Philip Cross worked at Statistics Canada for 36 years, rising to become the agency's chief economic analyst before departing in early 2012. Mr. Cross is now working on policy issues for several universities, think tanks and government organizations. He also frequently appears in the media as a commentator on the economy, and writes for various journals, magazines and newspapers across the country. We recently spoke to him about his investment approach.
How would you describe your investment approach?
I am inexperienced at evaluating individual stocks. When I was at Statistics Canada, I avoided investing in individual companies because the agency collected data from businesses and I didn't want to create the appearance of benefiting from inside information.

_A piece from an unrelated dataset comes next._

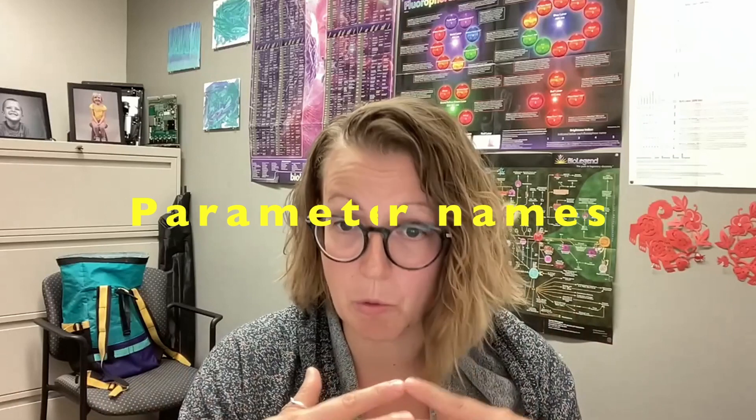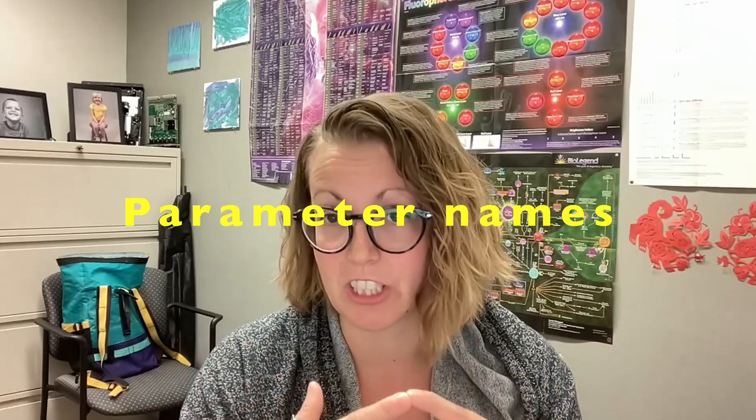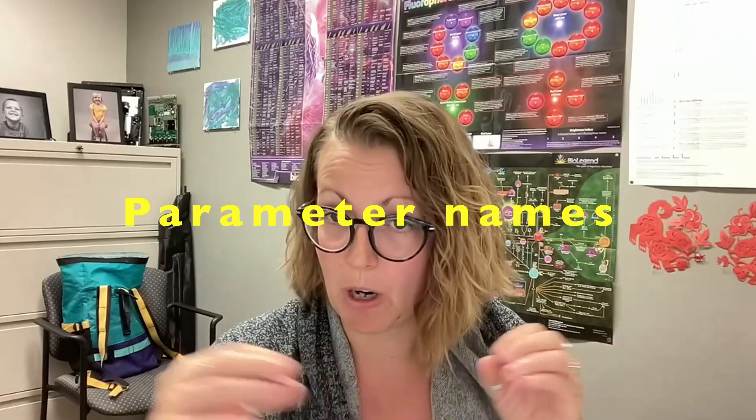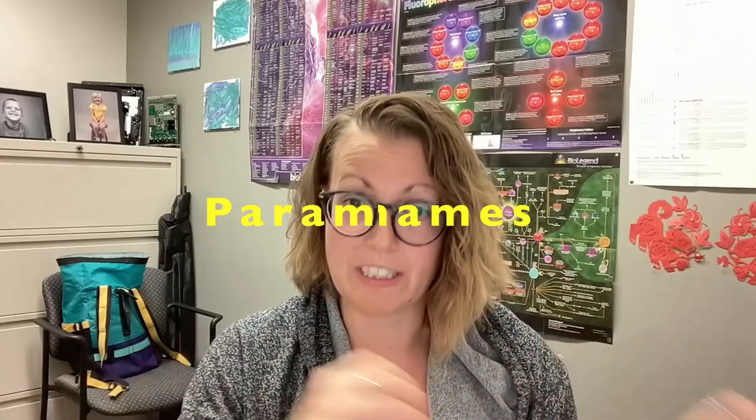The second thing to keep in mind is if you're running these studies between different machines batch correction or cytonorm needs to have the exact same parameter names in order for it to function. So if you are running between different institutes or between different instruments make sure that you've also standardized all of your parameter names or you will not be able to apply this algorithm to your data.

Instead, I have adopted a strategy that relies mostly on investment funds to align my asset allocation with the business cycle and macroeconomic trends. Not only does investing at the macro level help avoid conflict-of-interest issues but it is less onerous and error-prone than picking individual stocks.
Companies have so many more variables – mostly company-specific in nature such as management changes, operational efficiency and access to financing. It's laborious to analyze them all, and then there is the risk of overlooking some aspect that later goes awry.
Business cycles and macroeconomic trends are driven by much fewer variables, a big one being central-bank policy. And just as history shows stocks earn superior returns over the long run, it shows there are up and down patterns in the economy whose turning points tend to be foreshadowed by events such as a build-up in inventory levels or ramping up in inflation.
How have you been shifting your asset allocation?
I was mostly in 'plain vanilla' exchange-traded funds and mutual funds that track stocks but have now shifted more toward Nassim Taleb's 'barbell strategy' of having a large weight in cash and a large weight in investments that profit from a crisis or crash. [Mr. Taleb is a professor and investment professional who has authored several financial books.] So, my portfolio is currently one-third in cash, one-third in 'plain vanilla' funds and one-third in 'end-of-the-world' holdings.
I made this move because low interest rates have misled investors into believing risk is lower than it really is. As a result, stocks and other financial assets have been bid up to rich valuations.
Can you elaborate on your 'plain vanilla' holdings?
Within the 'plain vanilla' group, I have moved away from Canadian equity funds toward U.S. equity funds. Canada is now at a worse juncture of the debt cycle than the U.S. is. Back in the mid-2000s, it was the other way around with the U.S. housing market imploding and unleashing a severe financial crisis. Now Canada is on a debt binge and its housing sector is overextended. The stronger Canadian financial system may avoid the kind of meltdown U.S. financials had, but the consequences for the Canadian economy and stock market could still be quite painful.
The U.S. also has a government that is pro-business like never before. Canada and several provinces have gone in the opposite direction, adopting anti-business policies that diminish incentives to create wealth. The recent hike in Ontario minimum wages is a prime example. Many studies have found that raising minimum wages produces a number of adverse unintended consequences – a notable one being higher unemployment when firms in competitive, low-profit industries shrink staffing to finance the wage hike.
What about your 'end-of-the-world' holdings?
Within the 'end-of-the-world' group, an example of a holding is shares in Prem Watsa's Fairfax Financial Holdings, which is known for tilting the investment of its insurance reserves toward crisis scenarios. Put options on stock-market indexes or exchange-traded funds are another example. And some investment funds are set up to do well during downturns.
The barbell strategy requires patience and discipline because the timing of a crisis is hard to predict.
This interview has been edited and condensed.
Larry MacDonald is an economist, author and financial writer.